Aberta a lagosta com o seu sumo que tem dentro do carro e com algum

coral e carne do pescoço, se pique, ou corte à faca e se lhe ajunte pouco

pão de rala, azeite, pimento, cebola picada, salsa, uma gota de vinho

branco e vinagre, o que baste para o tempero, se fará com uma e outra

coisa um modo de picado, o que baste para se encher o carro da lagosta

e, depois de estar cheio, se mande ao forno a corar com pão ralado por

cima e se mande à mesa como o mesmo carro

O mesmo é santola

O mesmo é sapateira

E o mesmo é caranguejos, ajuntando-lhe alguma coisa de peixe. (P. 63,

64)

Receita para abóbora de agraço ou limão

Limpa que seja a abóbora e cortada muito bem miúda, se lançará em

uma pouca de manteiga ou azeite segundo sua quantidade, com uma

cebola picada e refogada que seja.

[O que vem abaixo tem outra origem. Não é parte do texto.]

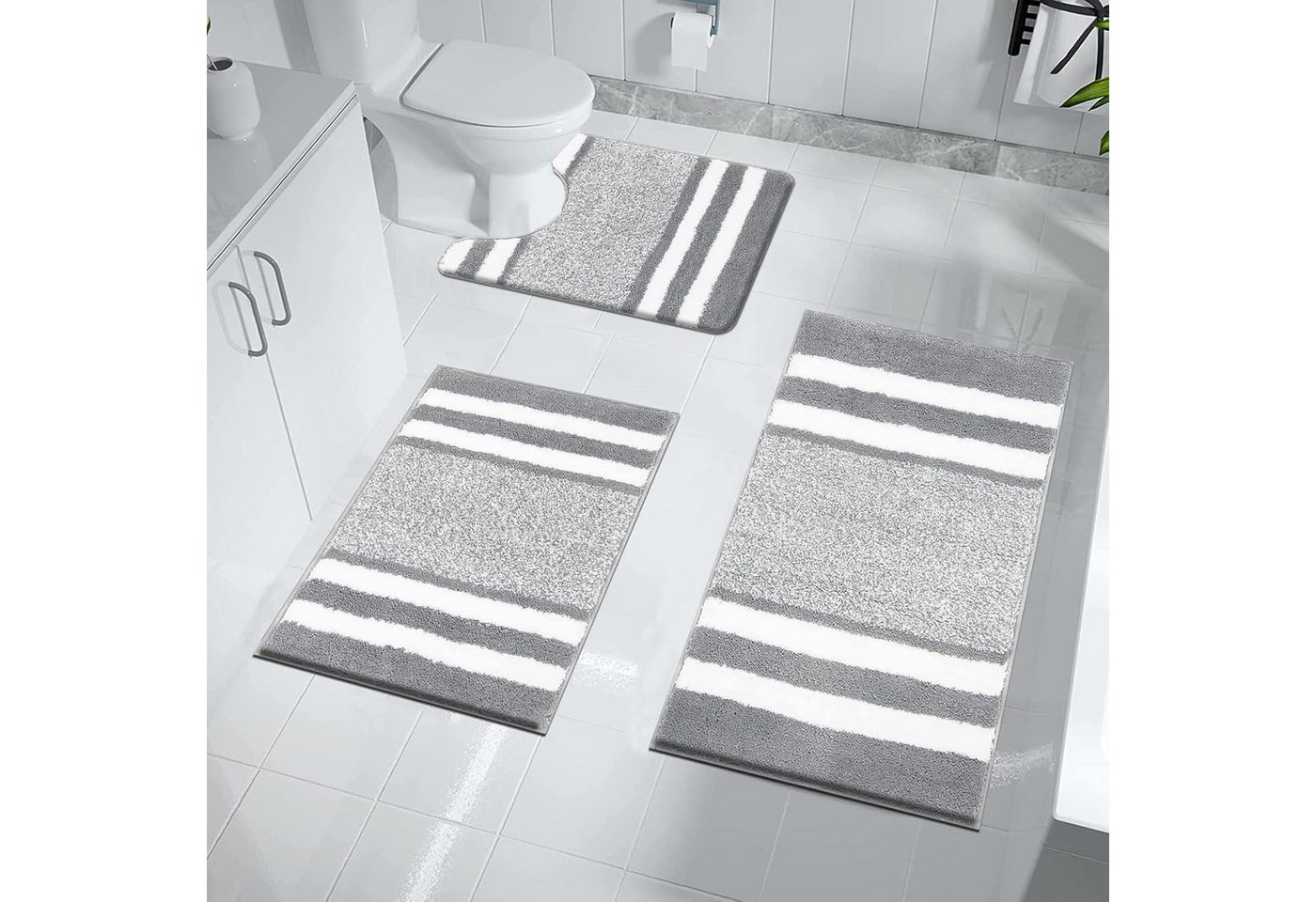 LuxusKollektion Fußmatte Badematte Set 3teilig waschbar rutschfest Mikrofaser Hellgrau LuxusKollektion Fußmatte Badematte Set 3teilig waschbar rutschfest Mikrofaser Hellgrau von LuxusKollektion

Se lhe bote água quente, a que baste

para cozer segundo a quantidade e, temperada, se terá o sumo de

agraço espremido com gemas de ovos, mais ou menos segundo a sua

quantidade e, junto com uns pós de açúcar segundo a quantidade pedir,

se incorpore como quem incorpora um fricassé e, incorporado, se mande

à mesa.

E se não houver agraço, em lugar dele, limão azedo. (P. 64, 65)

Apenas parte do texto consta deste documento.